Interesting discussion.  We had a similar debate a few days back concerning a service pit in an IRC regulated home.  I contend that if service pits were addressed in any way in the IRC then we are bound by them.  But if not addressed, other codes can be used.  In this case, the subject is covered so IMHO we are bound by the content of the IRC in this matter.

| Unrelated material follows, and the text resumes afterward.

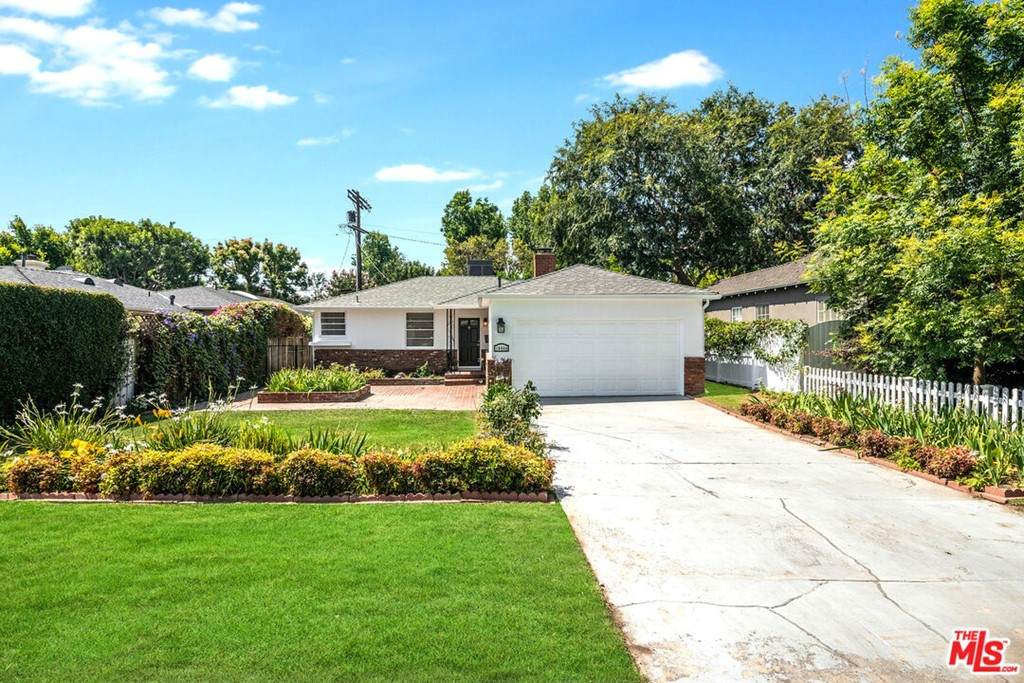 10444 Bloomfield Street - Photo 1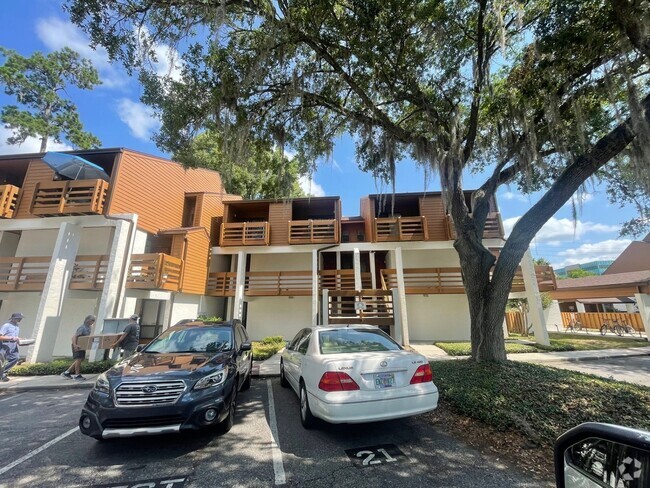 Building Photo - Close to the VA and Shands Rental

I always thought one could _choose_ to build a house using the provisions of the "commercial" codes if so desired, and that the IRC was created as a prescriptive cookbook so one could use it instead.  The IBC expressly states either can be used.  Unfortunately, the IMC, IPC, IFGC don't provide the option.  Is this an oversight?  Probably.  Can you get to those books by reference through the IBC?  Probably.  Is the intent to allow either?  Probably.  In fact , the very exception cited by MT seems to validate this.  Why have that exception if you aren't allowed to use that book to begin with?  But, with all the hard work and great minds that develop these things, I would think such an oversight would have been identified, so I am left with a little doubt.


----------



## steveray (May 12, 2021)

You could also fail it on improper duct sealing in the IRC per 1601.4.1....And if you really want to fail it, insulation requirements....


----------



## Paul Sweet (May 13, 2021)

Code writers can't think of and address all the stupid things that can be done.  If they could, the code book would be a foot or more thick and too heavy to carry!


----------



## klarenbeek (May 13, 2021)

mtlogcabin said:


> I assume this is a SFR and since the IRC is silent on this I will use the IPC and IMC.
> 
> 2012 IPC
> 307.6 Piping materials exposed within plenums.
> ...


Even if you DO apply the IMC, PVC in plenums in SFR is still allowed^


----------